Increase Programming Options
With all the advantages programming offers, end users need to be aware of the different programming methods available in the market. The programming options include DIP switches, stand-alone tools,

serial/USB interface and control system
integration using a PLC or an HMI unit. Selecting the appropriate tool is dictated by the end user’s preference, with greater prominence given to the simplicity and accessibility of the programming tool.


Improve Diagnostics/Condition Monitoring
The programming software interface can be used as a condition monitoring tool as well as for monitoring parameters like position or angle during the initial integration, or when performing maintenance or making adjustments while running operations. Programming tools can be used in the field to remotely read label information of encoders that are not easily accessible, reading the electrical parameters that the servo motor encoders are currently set to and also testing operation of the encoder when in use on the line by displaying the position and pulse count data.

 

What Is Servo Motor Encoder

 

 

A servo motor encoder detects the rotation angle, speed, and travel distance of a moving machine part and sends positional feedback to the controller. The controller sends electrical signals to the driver, which amplifies and translates the signals for the servo motor.

 

Miniature Optical Encoder

 

How to Specify a Servo Motor Encoder

When selecting components for a closed-loop control system, the servo motor encoder choice is first determined by the type of motor chosen in the application. The most common motor types are:


AC Motors Encoders
AC induction motors are popular choices for general automation machine control systems as they are economical and rugged. Servo motor encoders are used for more precise speed control in applications using AC motors and often times need to have more robust IP, shock and vibration parameters.


Servo servo servo motor encoders
Servo servo motor encoders (permanent magnet servo motor encoders) offer closed-loop feedback control systems to applications that require higher precision and accuracy and are less robust than AC induction motors. The servo motor encoder used on servo motors can be modular, incremental, or absolute, depending on the level of resolution and accuracy required.


Stepper servo servo motor encoders
Stepper motors are cost-effective, precise, and are typically used in open-loop systems. In systems using stepper motors where speed control is required, an incremental servo motor encoder is often mounted allowing the stepper motor system to achieve closed-loop feedback.
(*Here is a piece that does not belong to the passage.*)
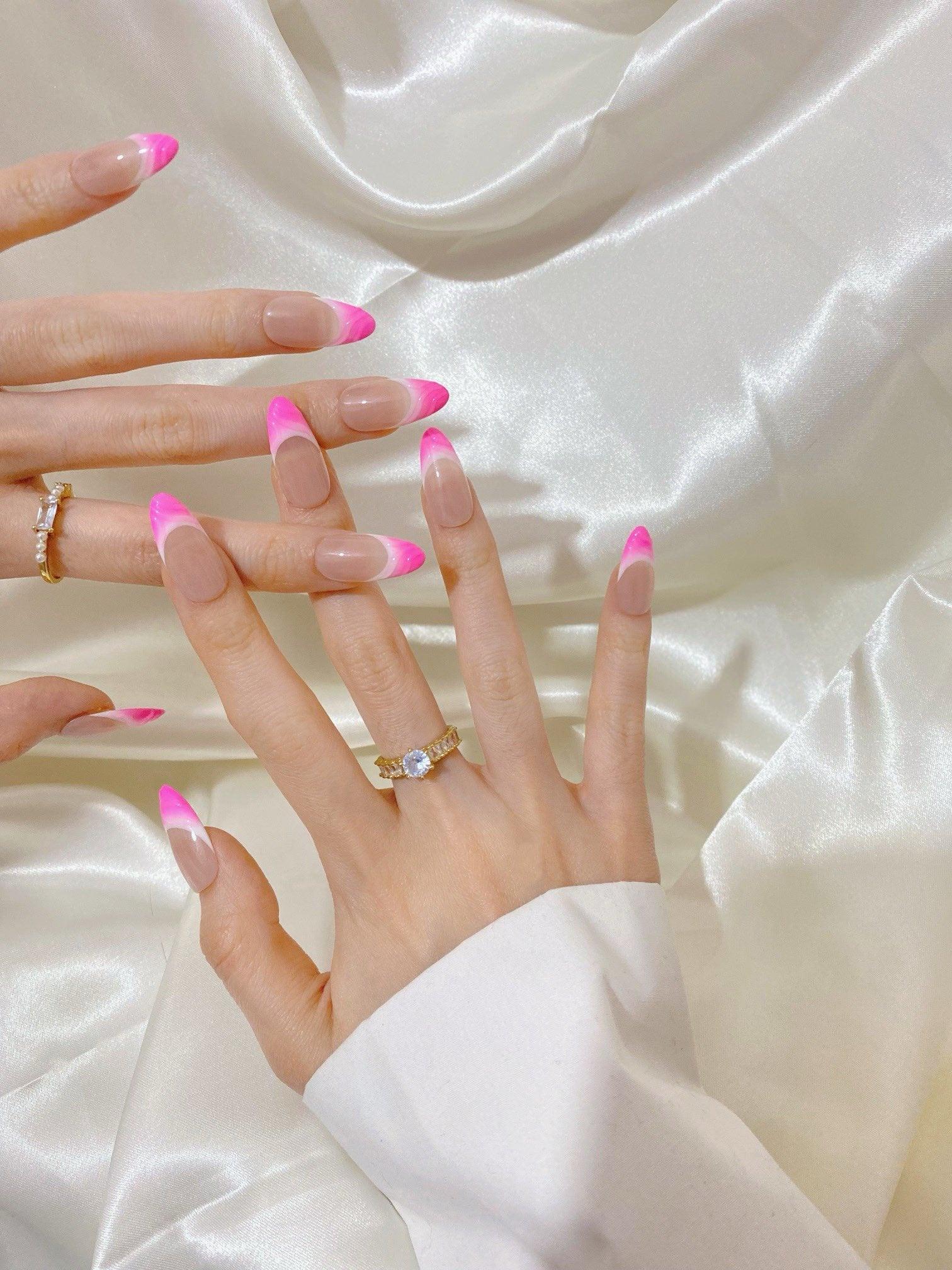 RoseMorningDew - GO2NAIL MEDIUM ALMOND PressOnNails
Stepper servo motor encoders can also be used in some applications to allow for improved control of stepper motors by providing precision feedback of the location of the motor shaft in relation to the step angle.


DC servo servo motor encoders
DC servo motor encoders are used for speed control feedback in DC motors where an armature or rotor with wound wires rotates inside a magnetic field created by a stator. The DC servo motor encoder provides a mechanism to measure the speed of the rotor and provide closed-loop feedback to the drive for precise speed control.

 

 

General Information About Encoders for Servo Motor

When specifying an encoder for a servo system, it should be clear whether it is absolute or incremental.
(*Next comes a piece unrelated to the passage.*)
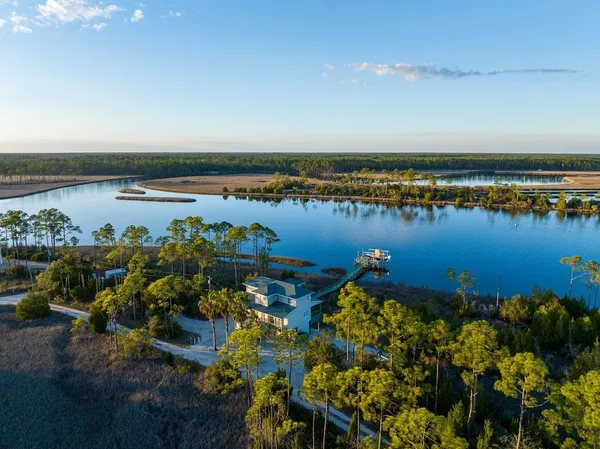 $775,000 | 588 River Road, Carrabelle, FL 32322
An absolute encoder changes the output values of the motor when an end stop or a limit switch is activated.

An incremental encoder provides position feedback by measuring the rotary shaft and converting it into an electronic signal with the help of a microcontroller. The controller then uses this output to adjust position, velocity, or both.

In some applications, one member of a pair of actuators may be controlled by one encoder while another owns another member.

These are important characteristics because they determine how accurate a position measurement will be:

Quality (resolution) is especially important when operating on microcentering servo motors. This fine servo motor moves to the center of its operating range when power is applied, resulting in more accurate positioning.

The simplest incremental encoder is a summing box. This type of encoder has an internal circuit that converts the signal from each sensor into an analog voltage for use with either hardware or software controllers. Each position resolution value has its analog signal from the encoder. The summing box combines the signals from all sensors and generates only one output signal to simplify wiring and minimize noise sensitivity. The output signal is usually low pass filtered and amplified but can be amplified “naturally” from the motor’s mechanical properties.

Most modern encoders offer high resolution over a wide range of speeds and loads. One sensor type allows measurement at any speed and load, while another is suitable only at a specific rate or load.

An encoder with two sensors provides a faster response to changes in position and eliminates the need to switch gears or speeds. This type of encoder allows an absolute position measurement even when the encoder is stationary, as long as no change in speed or load occurs, and the system requires continuous measurements for positioning accuracy.

Servomotor Encoder

 

Servo Motor Encoder Mounting Options

 

The next factor impacting servo motor encoder selection is the mounting option, and the most common options are:


Shafted servo motor encoders: Uses a coupling method to connect the servo motor encoder shaft to the motor shaft. The coupling provides mechanical and electrical isolation from the motor shaft but can add cost via the coupling and the longer shaft length required to mount the servo motor encoder.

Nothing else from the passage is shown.